What this task involves - Please give back each entry below unaltered, leaving the pictures out.
--- START ---
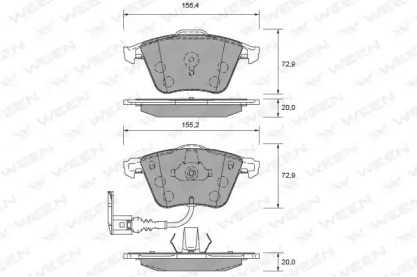 WEEN 151-2628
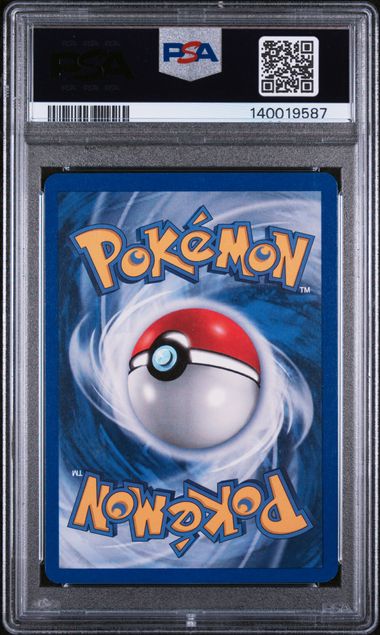 PSA 7 2001 POKEMON 3 MOVIE PROMO ENTEI - FOIL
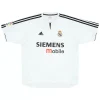 Maillot Rétro Domicile Real Madrid 2003 - Eleven Crown - Maillot de Football Pas Cher - Survêtements Pas Cher - Maillot de Foorball Enfants Pas Cher - Maillots Retro Vintage Pas Cher- Qualité Premium
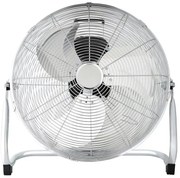 Ventilatore industriale EQUATION Jervis3 cromo 120 W Ø 45 cm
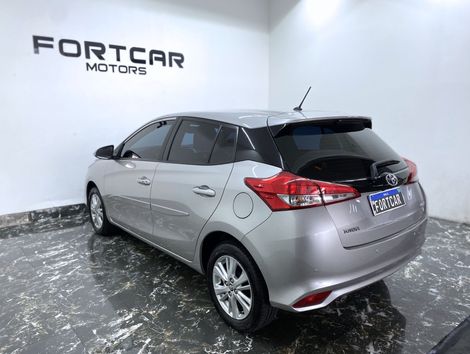 Toyota YARIS XL Plus Tech 1.3 Flex 16V Aut.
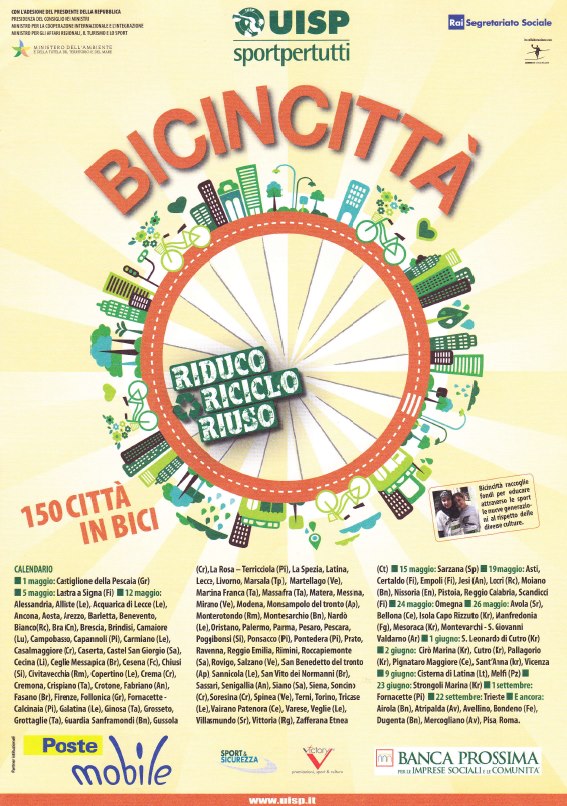 Monterotondo, torna a tutta “pedalata” “Bicincitta”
--- END ---
Problem solution -
 WEEN 151-2628
 PSA 7 2001 POKEMON 3 MOVIE PROMO ENTEI - FOIL
 Maillot Rétro Domicile Real Madrid 2003 - Eleven Crown - Maillot de Football Pas Cher - Survêtements Pas Cher - Maillot de Foorball Enfants Pas Cher - Maillots Retro Vintage Pas Cher- Qualité Premium
 Ventilatore industriale EQUATION Jervis3 cromo 120 W Ø 45 cm
 Toyota YARIS XL Plus Tech 1.3 Flex 16V Aut.
 Monterotondo, torna a tutta “pedalata” “Bicincitta”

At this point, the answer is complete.